В. Прежде чем закончить нашу беседу, я хочу задать вам еще один вопрос, правильное решение которого имеет громадное значение для революции. Опыт показывает, и в этом нельзя сомневаться, что страна, поднявшая знамя социальной революции, объятая пламенем гражданской войны, подвергнется ападению извне. Международная буржуазия, во имя собственного спасения, постарается вооружить обманутые народные массы и двинуть их на подавление восставшего против ее господства народа. Сможет ли тогда восставшая страна защитить себя? Не погубит ли ее эта гражданская война? Не отдаст ли она революцию в руки озверелой международной буржуазии, в окружении которой революционная страна будет находиться? Не приведет ли „эта внутренняя борьба между обитателями каждой общины, к которой прибавится еще борьба общин между собою», к победе интервенционистов и к восстановлению опять того же государственно-капиталистического режима?
Бакунин. «Нисколько. История показывает нам, что никогда народы не чувствовали себя такими сильными во внешних отношениях, как в те моменты, когда они внутри представляли из себя взбаломученное море, и что, наоборот, никогда они не были такими слабыми как тогда, когда они были объединены какой нибудь властью или, вообще, когда среди них господствовал стройный порядок. В сущности, это вполне естественно; борьба это — жизнь, а жизнь это — сила.

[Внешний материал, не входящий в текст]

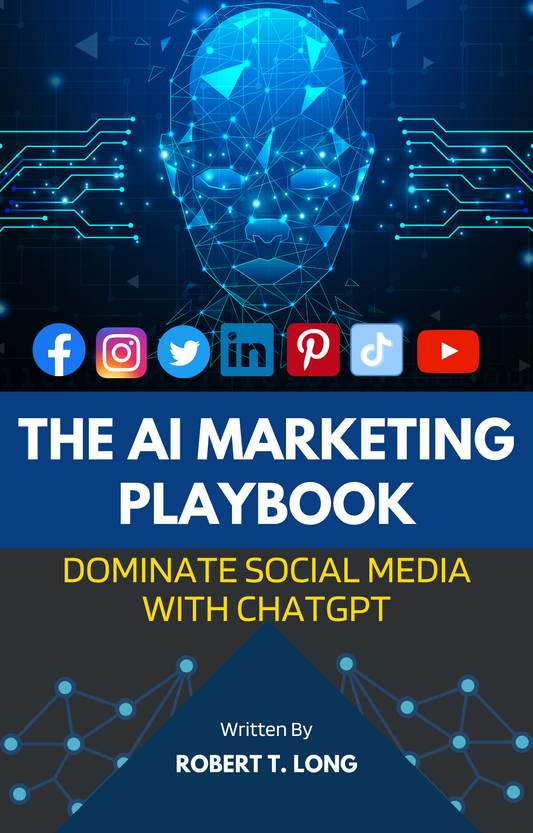 THE AI MARKETING PLAYBOOK: DOMINATE SOCIAL MEDIA WITH CHAT GPT | FULL E-BOOK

Чтобы убедиться в этом, сравните две эпохи или даже четыре эпохи своей истории: во-первых; Францию после Фронды, развившуюся и закаленную в боях, благодаря борьбе Фронды в молодые годы царствования Людовика XIV, с Францией в его старости, с монархией, твердо установившейся, объединенной, умиротворенной великим королем, — первая, полная побед, вторая — идущая от поражения к поражению, к крушению.
Сравните также 1792 г. с теперешней Францией. В 1792 и 1793 гг. во Франции шла отчаянная гражданская война; движение захватило всю республику, повсюду велось борьба на жизнь и на смерть. И, однако, Франция победоносно вела войну почти со всеми европейскими державами. В 1870 г. Франция, успокоенная, объединенная в империю, побита германской армией и до такой степени деморализована, что заставляет дрожать за свое существование»[19]*.
В. Прошлую беседу мы посвятили социальной революции. Мы выяснили, что, хотя ее усилия и будут направлены против положении, а не против людей, она, тем не менее, неизбежно придет к гражданской войне, ибо имущие классы не пожелают добровольно расстаться со своими привилегиями, и, следовательно, к разрушению не только вещей, но, к сожалению, и людей...
Мы выяснили также благотворное влияние, которое гражданская война окажет на народ, но мы совершенно не затронули отрицательных влияний гражданской воины и ее отрицательных последствии. А для нас, ведь, не может быть сомнений, что гражданская война вызовет у борющихся сторон все раньше глубоко запрятанные и скрытые внешним культурным лоском зоологические инстинкты, инстинкты зверя, она доведет до наивысшего напряжения и обострения классовую ненависть, создаст, так сказать, «классовый патриотизм», нерасчетливо разрушит и уничтожит много материальных и культурных ценностей и т. д. и т. п. Это ясно.
И когда социальная революция закончится победоносной для пролетариата и всех трудящихся гражданской войной, т. е. физической победой трудящихся над капиталистами и государственниками, тогда начнется, по-видимому, довольно длительный и трудный период строительства нового общества на основах коммунизма и анархии и роста, возможно, очень интенсивного, новой цивилизации, новой культуры и свободного творчества во всех областях.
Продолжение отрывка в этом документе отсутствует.